Verification of Stoke's Theorem

[sunnyday11]

Homework Statement

Verify Stoke's Theorem for F = y i + z j + x k and S the paraboloid z=1-(x^2+y^2) with z bigger or equal to 0 oriented upward, and the curve C which is the boundary of S.

Homework Equations

Stoke's Theorem
line interal = flux of curl of F (don't know how to use the symbol function)

The Attempt at a Solution

For the line integral, I use r(t) = cos (t) i + sin (t) j , and the solution i got was -pi but I could not get the flux of curl of F to match.

Curl F = -(i+j+k)
double integral of (-2x-2y-1)dxdy
==> double integral of (-2r cost(t) - 2r sin(t) drdt with r [0,1] and t [0, 2pi]


Thank you very much!

 

[HallsofIvy]

Homework Statement

Verify Stoke's Theorem for F = y i + z j + x k and S the paraboloid z=1-(x^2+y^2) with z bigger or equal to 0 oriented upward, and the curve C which is the boundary of S.

Homework Equations

Stoke's Theorem
line interal = flux of curl of F (don't know how to use the symbol function)

The Attempt at a Solution

For the line integral, I use r(t) = cos (t) i + sin (t) j , and the solution i got was -pi but I could not get the flux of curl of F to match.

Curl F = -(i+j+k)
double integral of (-2x-2y-1)dxdy
==> double integral of (-2r cost(t) - 2r sin(t) drdt with r [0,1] and t [0, 2pi]

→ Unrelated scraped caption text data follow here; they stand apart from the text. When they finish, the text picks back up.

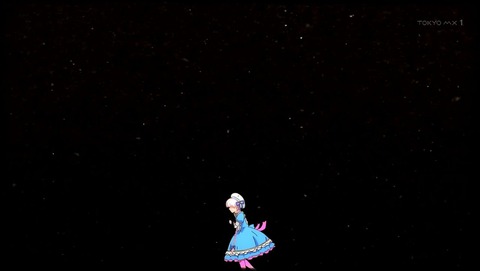 Fate EXTRA Last Encore 7話 感想 92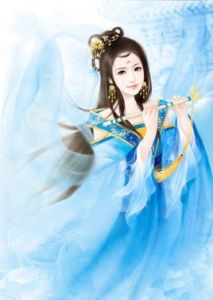 美目盼兮 美目盼兮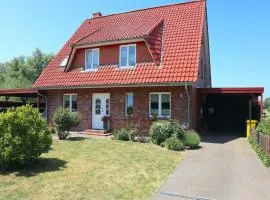 Family-Friendly Stay in Alt Bukow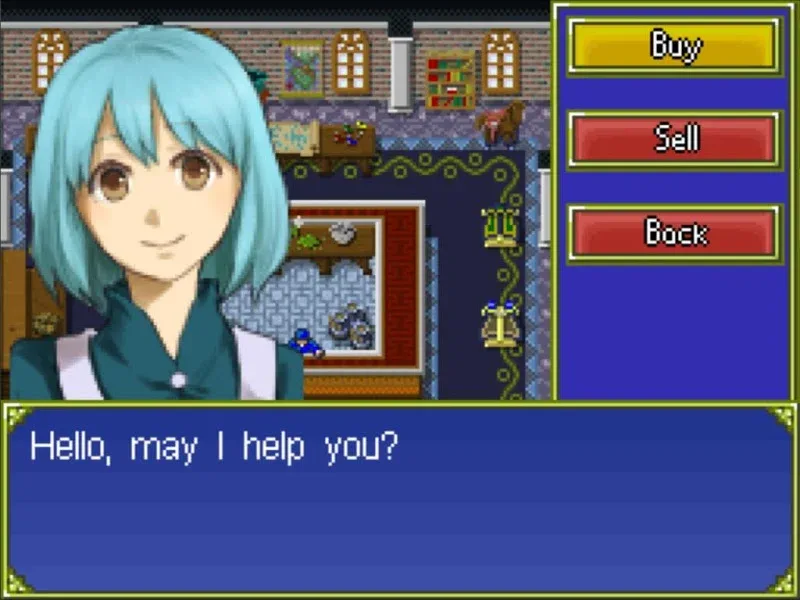 Partia 2 - screenshot 6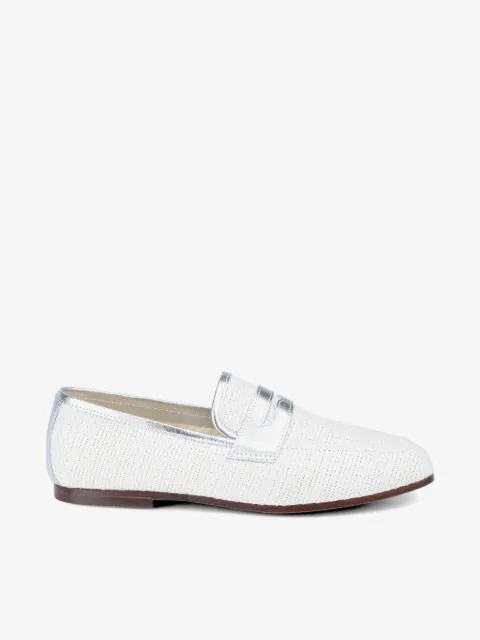 SOPHIQUE mocasines penny Essenziale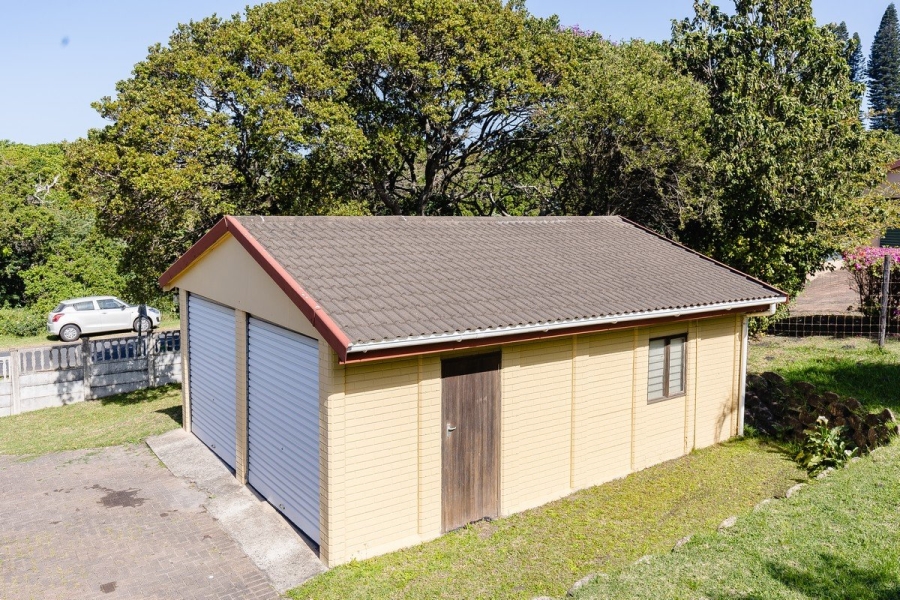 4 Bedroom Property for Sale in Shelly Beach KwaZulu-Natal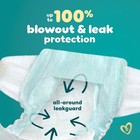 Pampers Swaddlers Baby Diapers Size 5  100 Count  select For More Options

I agree with you up to here but changing
\int\int (-2x- 2y+ 1)dxdy
to polar coordinates gives
\int\int (-2rcos(t)- 2r sin(t)+ 1)(rdrdt)


That is, you seem to have forgotten the "+ 1" in the integrand. And the differential in polar coordinates is rdrdt, not just "drdt".

Thank you very much!